Aujourd'hui c'est différent! Selon mon parcours personnel, ma sensibilité, il y a des questions sur l’Église, sa tradition, ses pratiques, sur certaines paroles d’Évangile qui restent en chantier, pas claires pour moi... comme en suspens. Je ne me fais pas montrer du doigt pour autant, c’est le climat général de nos sociétés pluralistes, climat de liberté qui est une bonne chose, même si c'est moins confortable à court terme pour les paroisses de voir diminuer leurs effectifs. Aller à l'église pour satisfaire une obligation ou pour remplir un rite ça ne tient plus. Les gestes et comportements sociaux se sont déplacés; il y a de nouveaux temples, d’autres grandes surfaces. Ce qui fait dresser l'oreille ou tendre le regard, ce qui inspire ce ne sont plus les exemples de vie ou les valeurs chrétiennes, c'est la nouvelle ligne d'une auto, les derniers gagnants du million, le contrat de telle vedette ou de tel mannequin. Ce sont les nouvelles idoles, qui sont les références de notre époque qui s'interposent et prennent la place.
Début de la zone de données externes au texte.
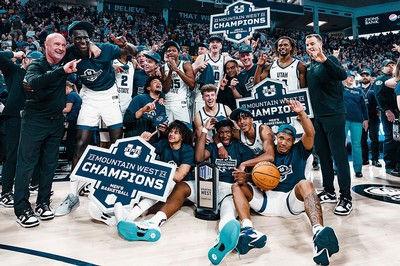 A basketball team.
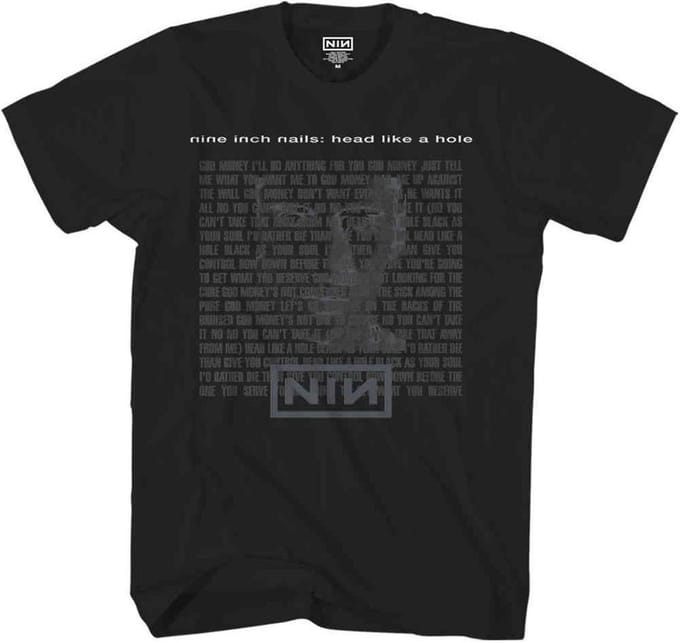 Nine Inch Nails - Head Like A Hole Heren Tshirt - M - Zwart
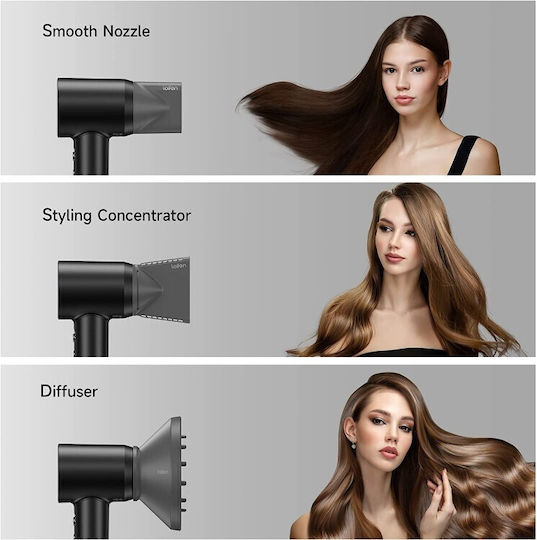 Laifen Swift Special Ionic Πιστολάκι Μαλλιών με Φυσούνα 1600W Matte Black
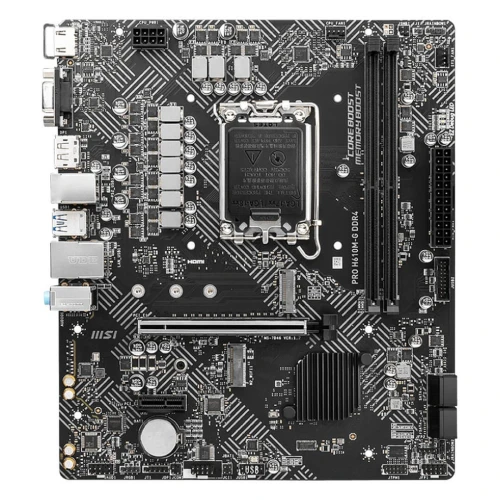 MSI PRO H610M-G - CARTE MÈRE MICRO ATX - DDR4 - SOCKET 1700 INTEL - H610 EXPRESS - 2X DDR4 - BLACK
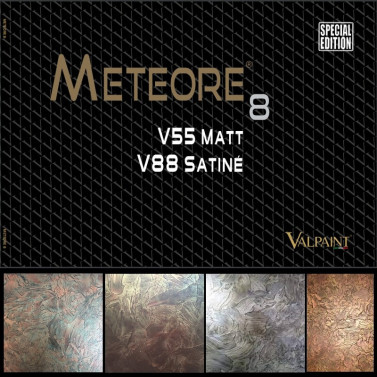 Dekorų katalogas METEORE 8 VALPAINT (spausdintas su realiais pavyzdžiais)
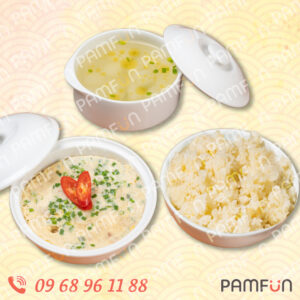 5.Cơm hải nam trứng thịt hấp grap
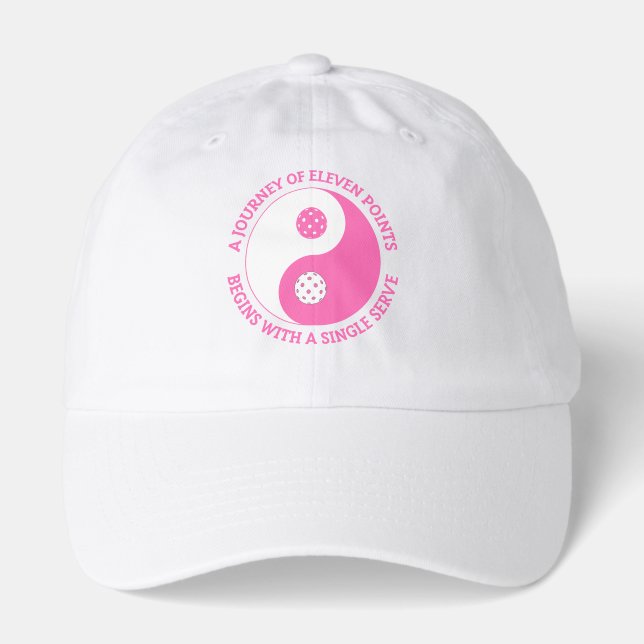 The Tao of Pickleball | Funny Yin Yang Pickleball  Hat (Front)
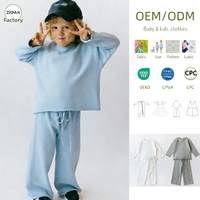 Ensemble de vêtements confortables pour enfants, pull en coton, ensemble de survêtement, t-shirt à manches longues confortable pour le printemps, pantalon, ensemble pour bébé de 0 à 8 ans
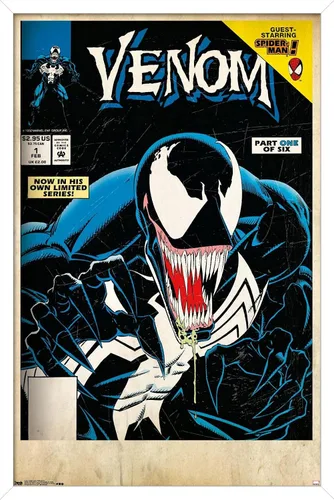 Vista 13 de Trends International Marvel Comics Venom - Póster de pared con cubierta protectora letal #1, 14.725 x 22.375 pulgadas, versión enmarcada de madera
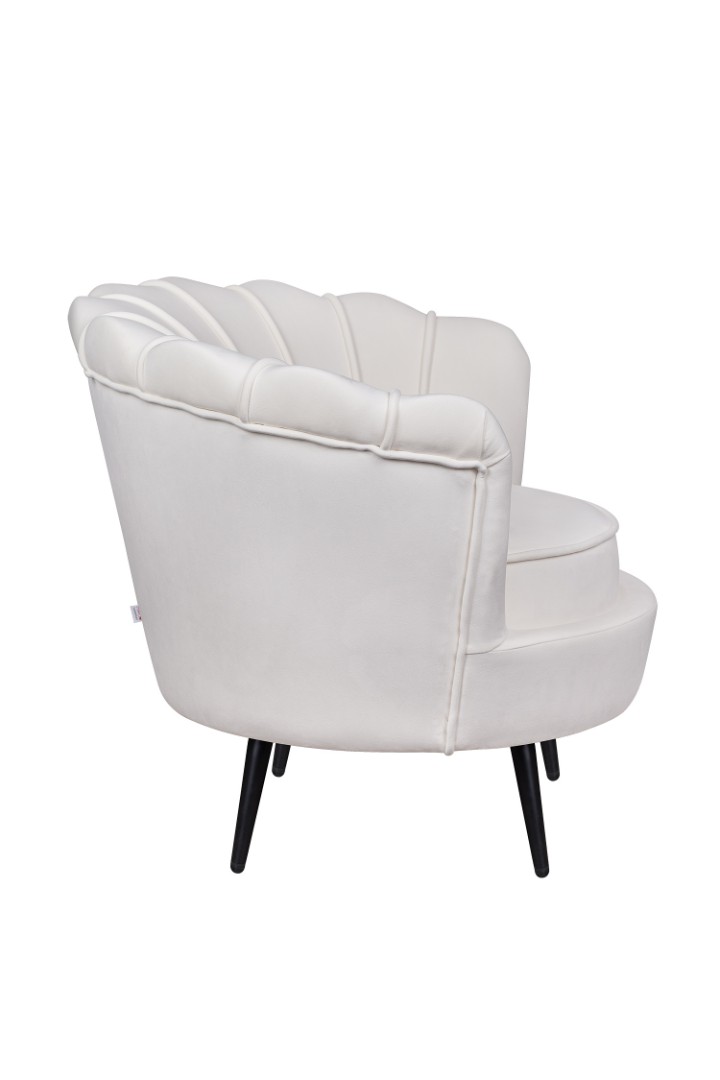 заказать Кресло ракушка Pearl Beige на черных ножках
Nous sommes obligés de faire des choix; Dieu nous a choisis librement comme ses amis, il veut que nous le choisissions librement. Faire ce choix de revenir au Seigneur, c'est une étape de maturité humaine et spirituelle. C'est devenir plus autonomes en sachant ce qu'on fait et pourquoi on le fait. C’est s’ouvrir à l’action de l’Esprit: c’est lui seul qui peut nous mettre sur la même longueur d’onde. Il est en définitive la source de notre acte de foi et de notre engagement à sa suite...
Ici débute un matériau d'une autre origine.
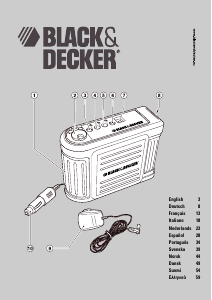 Manuale Black and Decker BDV030 Caricabatterie per auto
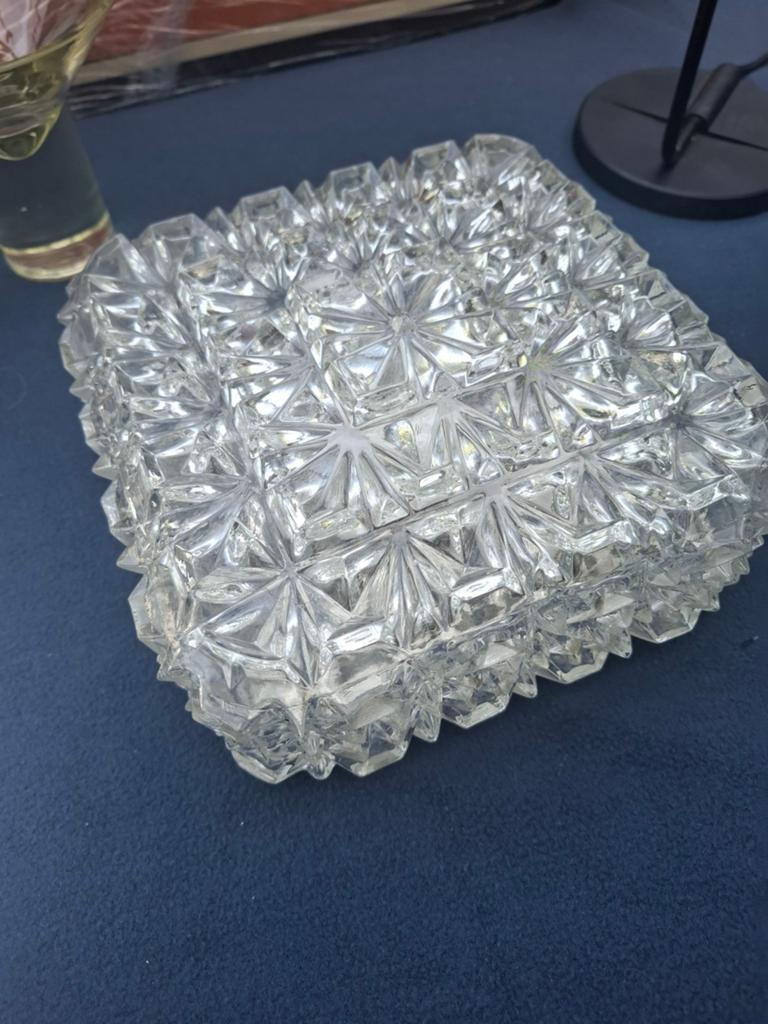 Retro design plafondlamp glashutte limburg ?, Huis en Inrichting, Ophalen of Verzenden, Zo goed als nieuw
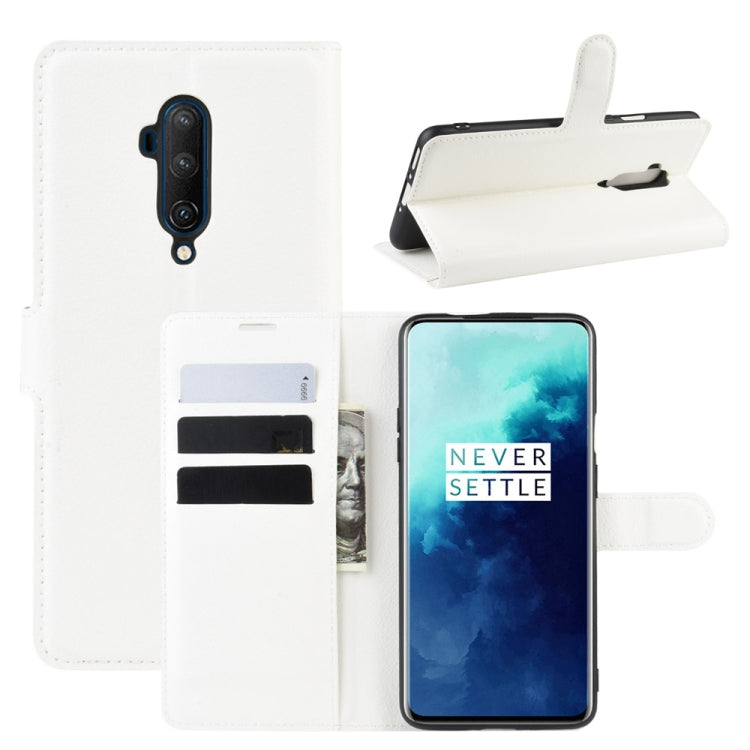 For OnePlus 7T Pro Litchi Texture Horizontal Flip Leather Case with Wallet & Holder & Card Slots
Au moment de recommencer nos activités de l'automne, nous sommes questionnés. Jésus nous dit: Allez-vous vous en aller vous aussi? pour suivre le courant. La question devient pour moi: Est-ce que je vais chercher cette année à mettre le Seigneur au centre de ma vie? Est-ce que je vais me nourrir de sa Parole comme d'une parole de Vie unique en son genre, est-ce que je vais chercher à l'intérioriser. Est-ce que je vais m'approcher du Pain de l'Eucharistie pour alimenter ma relation avec une Personne vivante... En d'autres mots, il faut me décider aujourd'hui pour ou contre le Seigneur, faire le choix de m'impliquer dans son projet. Sinon, ma dévotion, mon enthousiasme, mon désir, mon engagement iront dans d'autres directions, peut-être sans m'en rendre compte vers des idoles sans lendemain. Par ailleurs, la paix et la joie qui m’habitent quand j’accepte de suivre le Seigneur sont les signes que je ne me trompe pas de direction et que je suis en marche vers la Vérité. Qu’en serait-il de ma foi si elle ne comportait pas un certain pari fondé sur l’amour confiant... y a-t-il une autre attitude digne d’une vie chrétienne adulte et responsable?